● **ACTIVITY**
The answer must be an exact copy of the records below, with every picture left out.

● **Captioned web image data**
[Start of section]

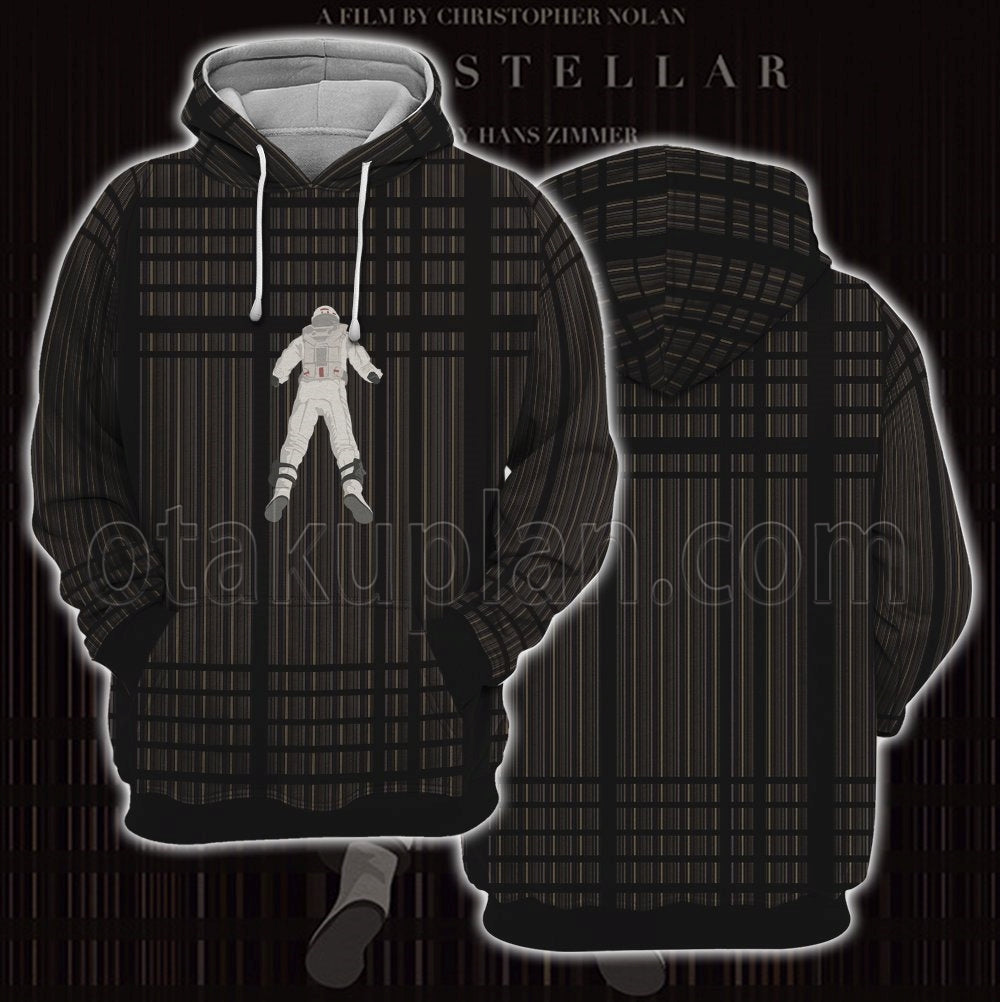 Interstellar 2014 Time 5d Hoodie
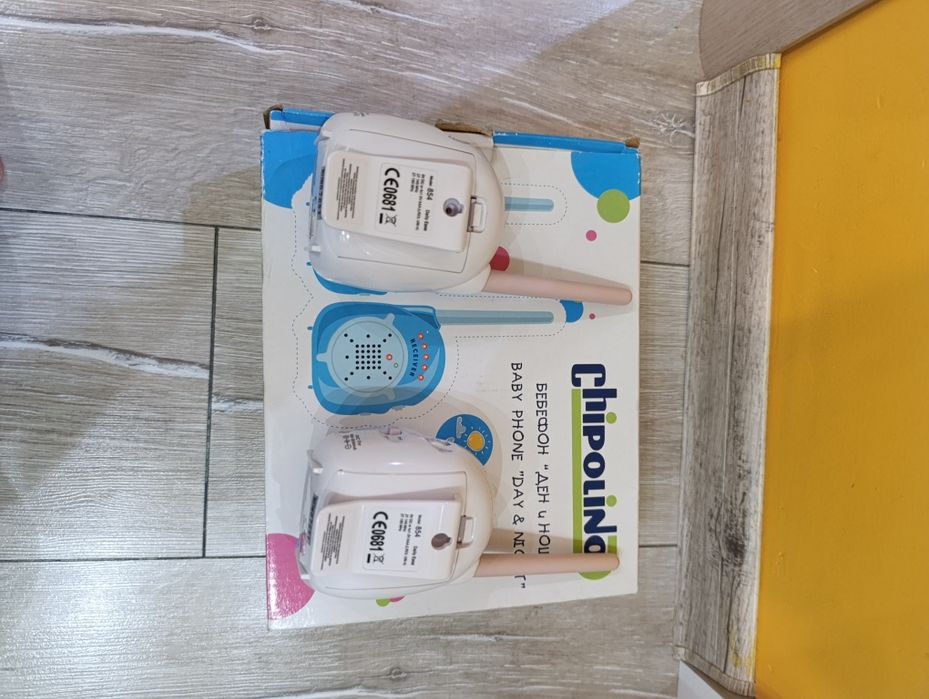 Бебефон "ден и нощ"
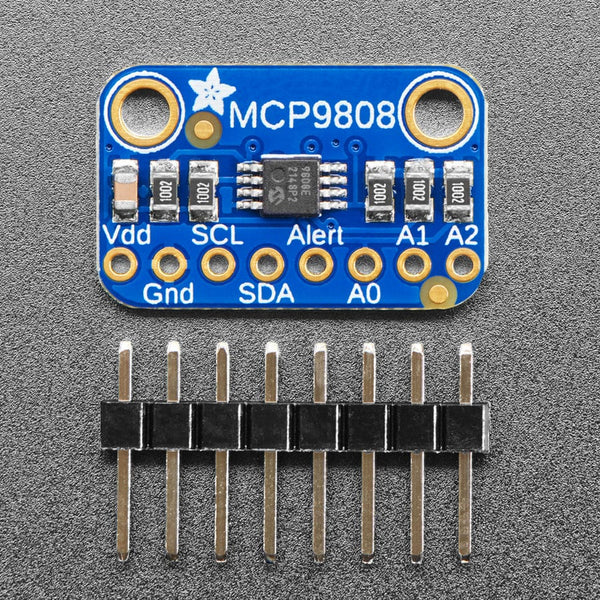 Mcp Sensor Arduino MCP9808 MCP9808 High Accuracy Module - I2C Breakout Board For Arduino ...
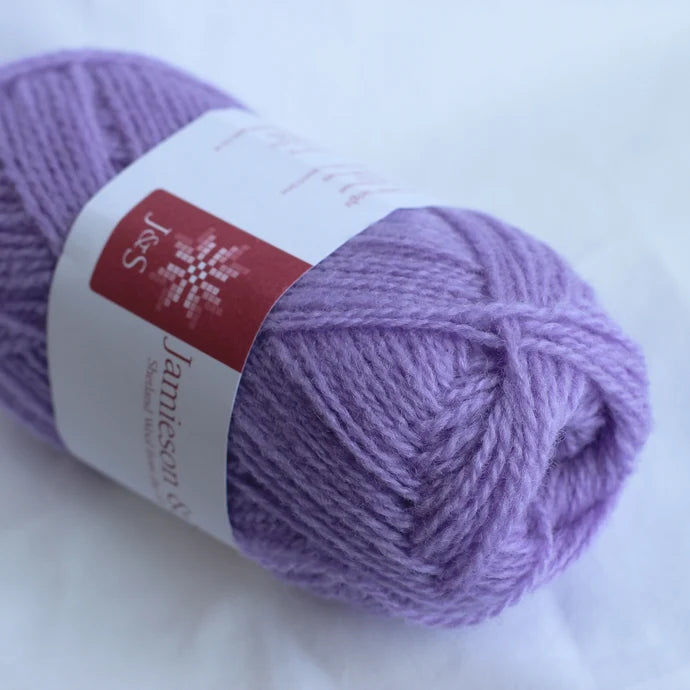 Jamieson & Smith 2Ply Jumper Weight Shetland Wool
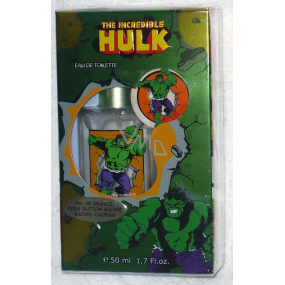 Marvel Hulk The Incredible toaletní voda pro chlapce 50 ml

[End of section]

● **SOLUTION FOR THIS PROBLEM**
 Interstellar 2014 Time 5d Hoodie
 Бебефон "ден и нощ"
 Mcp Sensor Arduino MCP9808 MCP9808 High Accuracy Module - I2C Breakout Board For Arduino ...
 Jamieson & Smith 2Ply Jumper Weight Shetland Wool
 Marvel Hulk The Incredible toaletní voda pro chlapce 50 ml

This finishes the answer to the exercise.